November 12, 2009 by Peter Lowry

Don’t expect me to Twitter

Because it doesn’t matter.

My thoughts of every day,

Are not that long, anyway.

___

My gay friends are atwitter

The right-wing are so bitter

George is going to city hall

He will paint it pink next fall.

___

Jack reported in his twitter

That guy Harper’s a quitter

Hasn’t said anything polite

Since Ignatieff lost his fight.

___

Heard from a Babel twitter

Babel MP’s a counterfeiter

Writes a really big cheque

And he don’t give a heck.

___

Sure wish I invented Twitter

And wouldn’t be a quitter,

I would live as a zillionaire,

Now wouldn’t that be fair?

___

I never really liked a Twitter

No point to it to being bitter

Average reader’s attention,

Ain’t really worth a mention.

___

Can’t earn money on Twitter

I’d do better as a steamfitter

But I’m taking up all this time,

Proving I know how to rhyme.

With apologies for the lack of perfect metre, other complaints can be directed to [email protected]

#47 – Parsing the body politic in Babel.

November 10, 2009 by Peter Lowry

It is almost 200 years ago and Westminster is seething in the aftermath of the Mackenzie Rebellion in Upper Canada. Lieutenant-Governor Sir Francis Bond Head has been recalled from the colony in disgrace. Lord Durham has been shipped off to the wilderness to provide direction for those Frenchmen in Lower Canada but nobody will brook delay in resolving the problems in Upper Canada. They can hang a few of the rebels if they wish but, after all, these people are British Subjects, loyal to Her Majesty.
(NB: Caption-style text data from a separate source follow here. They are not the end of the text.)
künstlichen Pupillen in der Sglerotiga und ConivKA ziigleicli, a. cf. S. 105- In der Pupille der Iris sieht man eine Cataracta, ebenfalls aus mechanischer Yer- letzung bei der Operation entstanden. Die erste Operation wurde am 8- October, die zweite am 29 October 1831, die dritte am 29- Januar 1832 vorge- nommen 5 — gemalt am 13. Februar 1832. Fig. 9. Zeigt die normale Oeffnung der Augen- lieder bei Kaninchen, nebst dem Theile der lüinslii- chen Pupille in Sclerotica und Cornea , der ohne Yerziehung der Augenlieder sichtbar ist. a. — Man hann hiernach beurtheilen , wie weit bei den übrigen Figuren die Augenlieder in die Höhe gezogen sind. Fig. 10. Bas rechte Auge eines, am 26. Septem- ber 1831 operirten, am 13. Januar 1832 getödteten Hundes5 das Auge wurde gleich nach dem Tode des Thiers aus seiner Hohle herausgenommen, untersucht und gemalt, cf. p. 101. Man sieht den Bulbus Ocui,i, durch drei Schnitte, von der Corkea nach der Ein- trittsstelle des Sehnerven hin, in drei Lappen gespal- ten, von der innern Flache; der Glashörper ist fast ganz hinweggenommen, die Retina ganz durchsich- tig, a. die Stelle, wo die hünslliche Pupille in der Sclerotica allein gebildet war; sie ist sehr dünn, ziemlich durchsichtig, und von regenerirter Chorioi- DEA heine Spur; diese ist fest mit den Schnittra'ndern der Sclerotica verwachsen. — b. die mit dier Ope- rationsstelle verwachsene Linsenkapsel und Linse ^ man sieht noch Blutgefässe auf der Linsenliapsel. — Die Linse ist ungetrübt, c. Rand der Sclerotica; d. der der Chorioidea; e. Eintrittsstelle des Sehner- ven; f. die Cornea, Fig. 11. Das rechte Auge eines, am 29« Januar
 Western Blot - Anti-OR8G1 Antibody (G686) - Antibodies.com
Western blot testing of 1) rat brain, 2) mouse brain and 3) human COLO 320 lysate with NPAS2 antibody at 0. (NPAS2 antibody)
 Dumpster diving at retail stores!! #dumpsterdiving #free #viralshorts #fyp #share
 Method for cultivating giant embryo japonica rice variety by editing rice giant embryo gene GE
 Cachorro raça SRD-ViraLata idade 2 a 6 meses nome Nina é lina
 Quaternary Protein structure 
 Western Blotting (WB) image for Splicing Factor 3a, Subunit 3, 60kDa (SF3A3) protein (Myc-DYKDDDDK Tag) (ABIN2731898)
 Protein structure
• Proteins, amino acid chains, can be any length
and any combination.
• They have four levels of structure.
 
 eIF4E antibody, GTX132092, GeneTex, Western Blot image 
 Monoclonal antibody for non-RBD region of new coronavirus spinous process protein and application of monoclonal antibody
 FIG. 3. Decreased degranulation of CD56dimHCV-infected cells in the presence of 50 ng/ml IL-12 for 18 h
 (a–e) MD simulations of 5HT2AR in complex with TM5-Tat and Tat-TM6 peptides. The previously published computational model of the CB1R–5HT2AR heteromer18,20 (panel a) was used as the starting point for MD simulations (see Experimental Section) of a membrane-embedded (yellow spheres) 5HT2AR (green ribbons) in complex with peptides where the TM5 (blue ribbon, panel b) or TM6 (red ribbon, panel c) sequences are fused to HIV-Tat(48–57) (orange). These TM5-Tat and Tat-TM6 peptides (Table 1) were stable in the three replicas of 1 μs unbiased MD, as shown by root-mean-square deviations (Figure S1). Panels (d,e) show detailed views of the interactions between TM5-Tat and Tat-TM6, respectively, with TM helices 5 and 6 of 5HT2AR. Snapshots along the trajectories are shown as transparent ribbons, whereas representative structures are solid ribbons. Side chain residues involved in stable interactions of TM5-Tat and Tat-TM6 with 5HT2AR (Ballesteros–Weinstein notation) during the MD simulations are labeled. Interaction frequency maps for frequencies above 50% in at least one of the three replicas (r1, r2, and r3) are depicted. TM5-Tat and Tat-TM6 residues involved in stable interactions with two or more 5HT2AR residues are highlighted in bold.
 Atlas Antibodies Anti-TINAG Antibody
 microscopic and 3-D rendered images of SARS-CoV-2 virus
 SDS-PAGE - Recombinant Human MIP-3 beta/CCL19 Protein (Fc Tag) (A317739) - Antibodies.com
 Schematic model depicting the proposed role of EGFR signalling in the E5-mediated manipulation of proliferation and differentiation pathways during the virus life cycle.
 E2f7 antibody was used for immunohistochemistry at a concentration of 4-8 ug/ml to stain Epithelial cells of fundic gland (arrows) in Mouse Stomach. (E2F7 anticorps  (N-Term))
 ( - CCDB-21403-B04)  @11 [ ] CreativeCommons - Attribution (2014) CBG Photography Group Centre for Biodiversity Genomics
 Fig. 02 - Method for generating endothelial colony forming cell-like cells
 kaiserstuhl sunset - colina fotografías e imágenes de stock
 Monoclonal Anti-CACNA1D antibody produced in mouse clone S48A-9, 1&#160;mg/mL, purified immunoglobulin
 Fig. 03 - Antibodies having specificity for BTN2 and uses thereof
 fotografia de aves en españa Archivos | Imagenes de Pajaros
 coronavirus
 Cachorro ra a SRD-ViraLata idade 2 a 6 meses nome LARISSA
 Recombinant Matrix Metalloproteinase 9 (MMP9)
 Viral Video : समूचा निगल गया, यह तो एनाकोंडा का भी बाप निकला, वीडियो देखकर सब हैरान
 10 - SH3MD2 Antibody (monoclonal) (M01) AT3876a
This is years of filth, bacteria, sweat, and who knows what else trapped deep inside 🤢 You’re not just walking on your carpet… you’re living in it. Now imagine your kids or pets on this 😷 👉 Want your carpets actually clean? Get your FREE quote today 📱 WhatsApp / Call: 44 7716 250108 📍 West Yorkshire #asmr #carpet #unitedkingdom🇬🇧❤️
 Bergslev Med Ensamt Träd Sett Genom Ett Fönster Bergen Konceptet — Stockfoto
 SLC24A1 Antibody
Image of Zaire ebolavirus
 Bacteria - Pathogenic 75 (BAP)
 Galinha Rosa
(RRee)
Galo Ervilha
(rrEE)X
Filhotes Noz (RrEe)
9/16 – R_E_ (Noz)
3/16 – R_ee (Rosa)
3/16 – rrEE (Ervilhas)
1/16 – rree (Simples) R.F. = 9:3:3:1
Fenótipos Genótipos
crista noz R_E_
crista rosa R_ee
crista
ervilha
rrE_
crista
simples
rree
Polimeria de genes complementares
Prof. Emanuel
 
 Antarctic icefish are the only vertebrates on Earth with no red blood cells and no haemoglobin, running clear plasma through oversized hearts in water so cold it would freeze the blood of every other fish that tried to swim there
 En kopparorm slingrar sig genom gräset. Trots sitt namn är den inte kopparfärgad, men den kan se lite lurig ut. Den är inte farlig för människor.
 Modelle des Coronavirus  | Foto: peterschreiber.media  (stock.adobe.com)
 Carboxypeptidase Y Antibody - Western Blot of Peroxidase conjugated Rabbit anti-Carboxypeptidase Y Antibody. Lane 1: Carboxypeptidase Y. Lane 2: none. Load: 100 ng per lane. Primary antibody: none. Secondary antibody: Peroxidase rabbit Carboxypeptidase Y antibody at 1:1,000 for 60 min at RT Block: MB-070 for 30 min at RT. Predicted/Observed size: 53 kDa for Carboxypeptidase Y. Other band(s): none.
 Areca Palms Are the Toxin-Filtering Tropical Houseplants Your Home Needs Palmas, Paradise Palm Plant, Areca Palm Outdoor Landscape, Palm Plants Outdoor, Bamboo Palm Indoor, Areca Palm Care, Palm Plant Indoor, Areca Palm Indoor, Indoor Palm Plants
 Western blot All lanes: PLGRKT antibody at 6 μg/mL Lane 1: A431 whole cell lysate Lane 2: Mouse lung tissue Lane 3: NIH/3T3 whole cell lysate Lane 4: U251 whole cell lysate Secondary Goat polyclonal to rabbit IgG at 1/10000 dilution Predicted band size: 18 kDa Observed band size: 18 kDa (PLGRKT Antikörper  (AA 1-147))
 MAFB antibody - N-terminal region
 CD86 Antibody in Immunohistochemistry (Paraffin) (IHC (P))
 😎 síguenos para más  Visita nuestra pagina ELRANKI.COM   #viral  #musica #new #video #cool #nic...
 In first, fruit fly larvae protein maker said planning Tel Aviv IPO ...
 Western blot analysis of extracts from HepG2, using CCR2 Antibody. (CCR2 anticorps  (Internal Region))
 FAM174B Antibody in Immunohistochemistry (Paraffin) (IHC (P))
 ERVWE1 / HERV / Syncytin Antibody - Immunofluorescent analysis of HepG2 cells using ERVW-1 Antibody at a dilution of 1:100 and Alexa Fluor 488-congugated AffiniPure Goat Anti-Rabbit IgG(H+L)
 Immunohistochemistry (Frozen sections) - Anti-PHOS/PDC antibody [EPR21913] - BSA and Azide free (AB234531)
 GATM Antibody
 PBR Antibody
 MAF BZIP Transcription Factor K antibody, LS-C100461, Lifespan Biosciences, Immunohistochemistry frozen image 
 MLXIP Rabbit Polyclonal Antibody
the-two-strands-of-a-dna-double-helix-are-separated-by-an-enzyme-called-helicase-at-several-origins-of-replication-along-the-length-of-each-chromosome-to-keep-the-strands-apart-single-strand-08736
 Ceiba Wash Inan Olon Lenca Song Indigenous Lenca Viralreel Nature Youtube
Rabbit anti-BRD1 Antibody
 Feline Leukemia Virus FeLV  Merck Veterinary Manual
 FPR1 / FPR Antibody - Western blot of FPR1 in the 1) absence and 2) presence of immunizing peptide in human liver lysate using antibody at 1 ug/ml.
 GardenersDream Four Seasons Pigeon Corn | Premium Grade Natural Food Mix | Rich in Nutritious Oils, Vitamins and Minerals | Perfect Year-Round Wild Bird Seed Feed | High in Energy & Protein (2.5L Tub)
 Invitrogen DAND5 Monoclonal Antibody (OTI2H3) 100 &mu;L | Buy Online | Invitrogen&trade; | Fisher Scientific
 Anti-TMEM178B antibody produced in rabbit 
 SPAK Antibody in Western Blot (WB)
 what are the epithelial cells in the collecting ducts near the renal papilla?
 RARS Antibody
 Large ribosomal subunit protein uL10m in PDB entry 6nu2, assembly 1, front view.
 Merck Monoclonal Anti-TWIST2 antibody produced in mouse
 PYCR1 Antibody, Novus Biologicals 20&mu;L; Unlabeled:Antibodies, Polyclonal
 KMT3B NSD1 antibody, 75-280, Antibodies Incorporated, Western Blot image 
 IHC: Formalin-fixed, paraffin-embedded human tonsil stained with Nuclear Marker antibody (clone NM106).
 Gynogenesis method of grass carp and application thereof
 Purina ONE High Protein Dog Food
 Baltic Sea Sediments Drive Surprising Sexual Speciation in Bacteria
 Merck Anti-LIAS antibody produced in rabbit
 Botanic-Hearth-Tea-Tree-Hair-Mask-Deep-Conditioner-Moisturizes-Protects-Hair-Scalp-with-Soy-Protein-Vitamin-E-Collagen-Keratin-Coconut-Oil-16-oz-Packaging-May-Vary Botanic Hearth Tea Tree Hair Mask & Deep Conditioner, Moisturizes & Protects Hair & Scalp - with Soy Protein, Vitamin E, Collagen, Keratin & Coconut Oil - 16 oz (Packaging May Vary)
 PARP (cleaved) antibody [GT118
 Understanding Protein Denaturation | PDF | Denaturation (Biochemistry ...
The Family Compact days are done.

It is in light of these serious events that there is a gathering of the heads of the families bequeathed land by the Mother Country around Kempenfelt Bay (named by Lord Simcoe for the Royal Navy Rear Admiral of that name who was famous for steadfastly going down with his ship—when it sank off Spithead whilst undergoing repairs). As is their custom, the landed gentry, heads of the five families, meet at a convenient tavern, order tankards of the best ale, light up their clay pipes and discuss the serious considerations of the future governance of Babel.

Squire Harrison always chairs these meetings, as he is the smartest. He explains to the others that the body politic is passing from them to the franchised voters. “Luckily, these are only men,” he explains. “But we all know that Babel men will always vote the way their wives tell them.

“That means we must carefully choose who will lead the Babel rabble. We should each choose the part of the body politic that we best represent and explain why that part should lead. I, to start off, represent the brain. It is the natural leader and nothing happens unless the brain tells others what to do,” he says.

“I am afraid I must disagree,” exclaims Squire Byrd, as he puffs on his pipe. “I choose the heart. Voters always make their decisions from the heart and that makes me the better leader.”

“No, no, gentlemen,” says roly-poly Squire Harper, “It is the stomach that is the natural ruler. It is the stomach that nourishes the rest of the body and gives it the strength to carry out its tasks. Voters always vote from their stomachs.”

“Yer all full of it,” chimes in Squire Aspergun, as he waves his tankard for the publican to refill. “I choose the mouth because someone has to tell them voters what to do. It’s the mouth that leads.”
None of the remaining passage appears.